Anyone else read this doorstopper? What did you think about it?

Anyone else read this doorstopper? What did you think about it?

It's great

Sometimes I see something so moving I know I’m not supposed to linger. See it and leave. If you stay too long, you wear out the wordless shock. Love it and trust it and leave desu.

read it when i was 16
easy read good book

I read it when I was 12. That was my impression as well, i.e. an extremely easy read.

Read it at 7, pretty good

My dad read it to me when I was 5. Don DeLillo is a hack writer.

Delillo is shit

It's an entertainment and lengthy criss-crossing of many intersections of post-WWII America. Its scope is arguably its best quality but it brings with it philosophy and pathos, presenting a humane and relevant consideration of all kinds of lives. These range from nuns trying to do a bit of good, to down-and-out minorities hoping for a stroke of luck, through to middle-age, middle-class office stiffs going about their daily, globalised lives. It also has room for optimistic painters of abandoned war planes laid benign in the desert, and talks heavily about people involved on both ends of everyday violence (Texas highway guy).

Of course, it would be remiss not to mention its highly illustrative opening chapter, which exudes a lot of imagery usually ignored in some of DeLillo's denser, prosaic novels.

Read it in the womb, was ok.

Yeah, it had a great first 300 pages but the rest is a slow decline into mediocrity. The main theme and his prose doesn't have enough meat to carry over 800 pages and ends up spreading itself very thin. I actually got mad at the epilogue when he does that cheap allegory with the nuke detonation attraction, it felt like the ideas he was cultivating devolved and dissolved into a disappointingly banal "capitalism is bad, mkay?" message.

Also, there isn't anything he does in this book that Roth didn't do better in American Pastoral.

This. Except the baseball chapter

WE'RE ALL GONNA DIE

Should I read this or moby dick or fountainhead first?

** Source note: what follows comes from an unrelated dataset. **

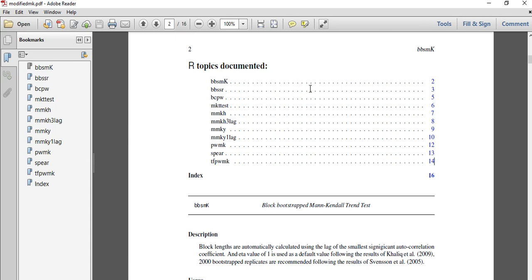You can perform trend analysis for time series with no significant autocorrelation by following the same procedures. Thank you for listening. If you like this video, please subscribe to my channel. Bye!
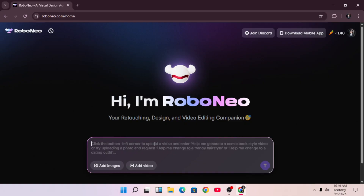First of all, you're going to go on Google and search for RoboNeo, or just click the link in the description. After you log in, you'll see this interface. I know it looks basic, but trust me, this AI is really powerful.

Moby Dick. Don't read the others.

read it in a past life and it was like the void and
cloudless sky, and the naked, spotless intellect unto a transparent vacuum without circumference
or centre.

READ THE INTRO GOT BORED
SINATRA AND GLEESON ISNT COOL ANYMORE OLD MAN

Not that much of a doorstopper

I liked it and would discuss it more, but i'm on my phone and don't have time but have my bump OP. Nice to see people actually want to discuss UW every once in a while.
Those nuclear chapters were amazing imo

The first 5 pages were good.

Personally thought the two "main" characters, Nick Shay and Klara Sax, were boring fucking people and had the worst chapters in the book. Most other minor characters were entertaining, especially liked the old grumpy baseball collector and the Beatnik comedian.

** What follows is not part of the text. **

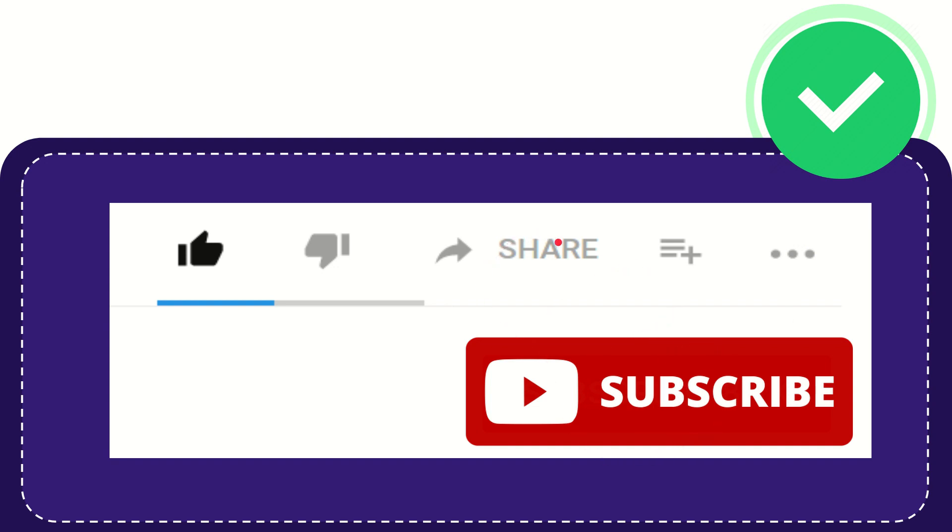I think that's all of it. Thank you so much for watching this video and see you again in another video. Bye-bye. See you again.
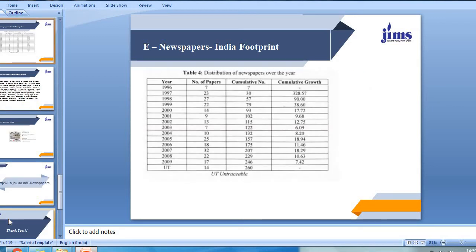Next comes the distribution of newspapers over years. As we can see clearly, in 1996, the digital India footprint of e-newspapers had a count of only 7. As the statistics indicate, by 2009, the cumulative number stood at 246. In terms of cumulative growth, 1996 to 1997 alone registered a growth of 328.57%.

bait i know but i am compelled to tell you to stay the fuck away from ayn rand, no matter how worthless you may feel you are, your time is worth too much to be spent reading that shit.

Is DeLillo's The Names any good? The premise sounds cool as fuck but at the same time sounds like one of those stories that could be be a real let down.

Seconded, waiting for this one in the mail.
Delillo people say it's his best often, it seems.